Cette carte du E.U. Copernicus marine service information présente les tendances régionales d’évolution du niveau moyen de la mer, de 1993 à 2023. Elle montre que celui-ci n’évolue pas au même rythme partout, avec certaines zones géographiques où il s’élève rapidement jusqu’à plus de 10 mm par an, mais aussi certaines autres (rares) où il diminue légèrement.

Source : E.U. Copernicus marine service information global ocean mean sea level trend map from observations reprocessing, CMEMS (copernicus.eu)

Aujourd’hui et demain en France

Les côtes de la France sont menacées par trois phénomènes naturels : le risque de submersion marine (1,5 million d’habitants), le risque de tsunamis et le recul du trait de côte. Il faut donc prévoir des ouvrages de protection ou changer l’occupation des lieux, mais cela a un coût Et ces changements peuvent avoir du mal à être acceptés par la population ou à être vraiment adaptés localement.

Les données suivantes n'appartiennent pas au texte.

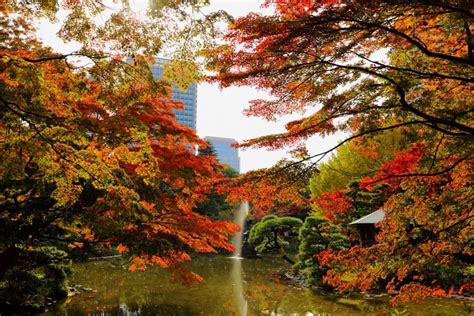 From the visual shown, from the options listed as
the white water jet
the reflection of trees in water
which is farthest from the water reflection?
the white water jet

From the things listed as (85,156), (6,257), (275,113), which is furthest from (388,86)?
(6,257)

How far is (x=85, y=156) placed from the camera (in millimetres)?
3338

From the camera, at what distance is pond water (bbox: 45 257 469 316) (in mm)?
8289

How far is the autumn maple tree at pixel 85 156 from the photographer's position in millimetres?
3248

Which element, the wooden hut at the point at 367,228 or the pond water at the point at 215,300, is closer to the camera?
the pond water at the point at 215,300

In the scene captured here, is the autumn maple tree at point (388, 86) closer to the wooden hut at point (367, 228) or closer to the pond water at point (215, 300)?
the pond water at point (215, 300)

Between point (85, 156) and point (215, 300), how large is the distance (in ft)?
25.5

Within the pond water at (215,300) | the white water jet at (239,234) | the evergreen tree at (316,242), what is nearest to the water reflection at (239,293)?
the pond water at (215,300)

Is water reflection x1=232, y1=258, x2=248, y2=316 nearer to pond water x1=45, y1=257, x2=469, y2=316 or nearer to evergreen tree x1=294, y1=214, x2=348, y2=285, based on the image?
pond water x1=45, y1=257, x2=469, y2=316

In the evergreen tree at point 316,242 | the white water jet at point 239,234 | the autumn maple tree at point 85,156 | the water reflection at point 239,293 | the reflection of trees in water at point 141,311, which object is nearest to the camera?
the autumn maple tree at point 85,156

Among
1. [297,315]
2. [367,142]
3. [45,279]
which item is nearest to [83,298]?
[45,279]

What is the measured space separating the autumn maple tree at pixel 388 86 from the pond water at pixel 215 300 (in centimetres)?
273

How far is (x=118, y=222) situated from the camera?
4715 millimetres

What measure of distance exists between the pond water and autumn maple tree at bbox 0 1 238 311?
1912 mm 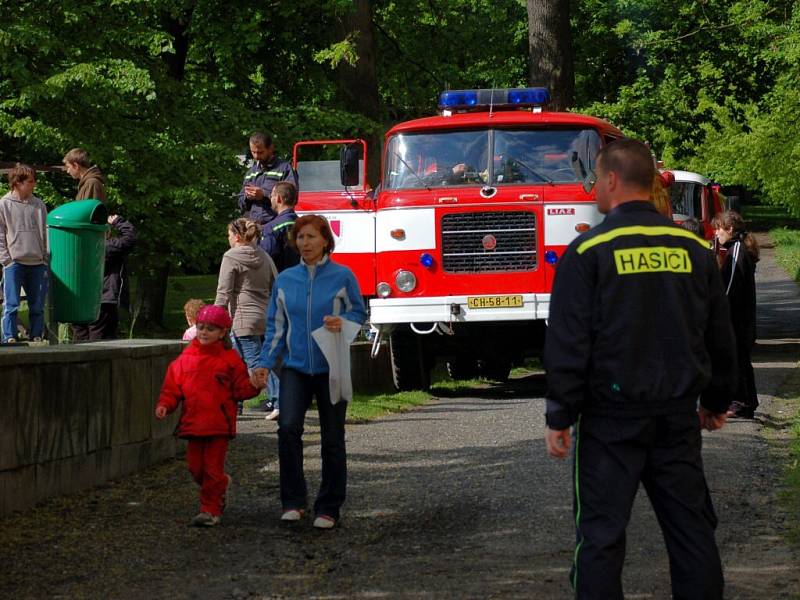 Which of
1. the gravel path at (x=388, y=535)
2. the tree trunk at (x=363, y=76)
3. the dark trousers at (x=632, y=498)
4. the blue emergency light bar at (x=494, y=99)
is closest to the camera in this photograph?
the dark trousers at (x=632, y=498)

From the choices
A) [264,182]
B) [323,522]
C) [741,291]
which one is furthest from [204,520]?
[741,291]

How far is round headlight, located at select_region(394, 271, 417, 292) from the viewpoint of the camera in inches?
599

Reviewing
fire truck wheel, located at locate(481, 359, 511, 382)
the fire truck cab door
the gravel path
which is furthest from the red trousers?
fire truck wheel, located at locate(481, 359, 511, 382)

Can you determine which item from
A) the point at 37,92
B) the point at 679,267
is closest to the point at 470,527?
the point at 679,267

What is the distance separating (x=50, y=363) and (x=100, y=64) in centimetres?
1315

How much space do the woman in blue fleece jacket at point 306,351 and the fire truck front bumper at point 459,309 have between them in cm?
673

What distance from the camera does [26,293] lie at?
13.5m

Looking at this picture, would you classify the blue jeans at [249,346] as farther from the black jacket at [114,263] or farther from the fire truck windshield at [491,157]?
the fire truck windshield at [491,157]

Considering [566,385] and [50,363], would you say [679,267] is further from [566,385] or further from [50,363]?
[50,363]

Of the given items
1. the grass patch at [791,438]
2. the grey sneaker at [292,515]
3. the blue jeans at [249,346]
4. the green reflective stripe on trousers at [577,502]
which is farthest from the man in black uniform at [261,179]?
the green reflective stripe on trousers at [577,502]

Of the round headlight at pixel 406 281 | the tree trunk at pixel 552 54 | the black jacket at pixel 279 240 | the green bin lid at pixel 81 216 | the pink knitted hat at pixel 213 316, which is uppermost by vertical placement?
the tree trunk at pixel 552 54

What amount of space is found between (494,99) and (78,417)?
8256mm

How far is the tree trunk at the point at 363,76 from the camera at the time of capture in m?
26.3

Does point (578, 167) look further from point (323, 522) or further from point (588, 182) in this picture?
point (323, 522) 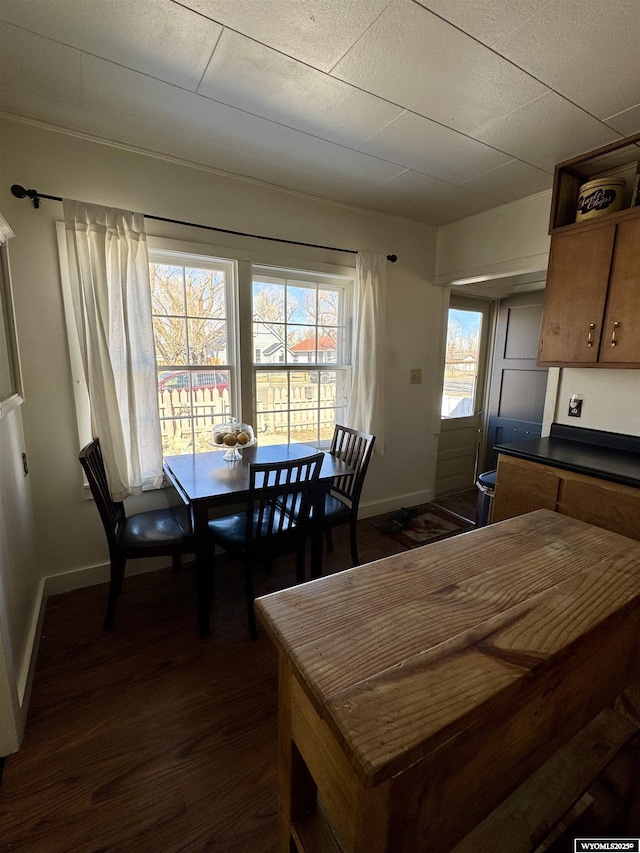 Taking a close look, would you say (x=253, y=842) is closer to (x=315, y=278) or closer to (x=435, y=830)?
(x=435, y=830)

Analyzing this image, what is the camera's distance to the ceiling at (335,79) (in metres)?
1.28

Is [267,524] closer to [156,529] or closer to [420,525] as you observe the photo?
[156,529]

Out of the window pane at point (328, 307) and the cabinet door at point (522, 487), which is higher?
the window pane at point (328, 307)

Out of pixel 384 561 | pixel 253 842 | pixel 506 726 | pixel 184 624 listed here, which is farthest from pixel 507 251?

Le recul du « trait de côte », c’est-à-dire de la limite entre la mer et la terre, résulte en partie de la montée des eaux et concerne près d’un quart des côtes françaises. Si l’on y ajoute les 1 500 kilomètres d’ouvrages qui se substituent au trait de côte, c’est un tiers du littoral qui est menacé en France. Les implantations humaines en zones basses du littoral sont directement menacées. Ainsi en 2100, ce sont près de 450 000 bâtiments qui seraient menacés avec une élévation du niveau moyen des mers de 1 mètre. Près de 50 000 logements seraient menacés par la seule érosion côtière.

Avec l’inertie thermique des océans, c’est-à-dire le fait que la chaleur emmagasinée reste longtemps, une élévation du niveau de la mer de 2 mètres semble inévitable dans le futur. Selon des travaux récents, ce seuil serait dépassé au plus tôt dans un siècle et au plus tard dans deux millénaires en fonction du niveau mondial des émissions à venir et de ses effets sur les calottes de glace polaires.

Un modèle d’adaptation dans la basse vallée de la Saâne

À Quiberville-sur-Mer en Seine-Maritime, le camping municipal de bord de mer, menacé par l’érosion et la montée des eaux, a été transféré à 700 mètres du rivage. Les travaux, conduits entre 2022 et 2023, ont coûté 8,6 millions d’euros, dont les deux tiers financés par des fonds européens et le tiers par la région, le département et la mairie.

En outre-mer, le village de Miquelon va lui aussi être relocalisé pour assurer l’avenir de ses 600 habitants.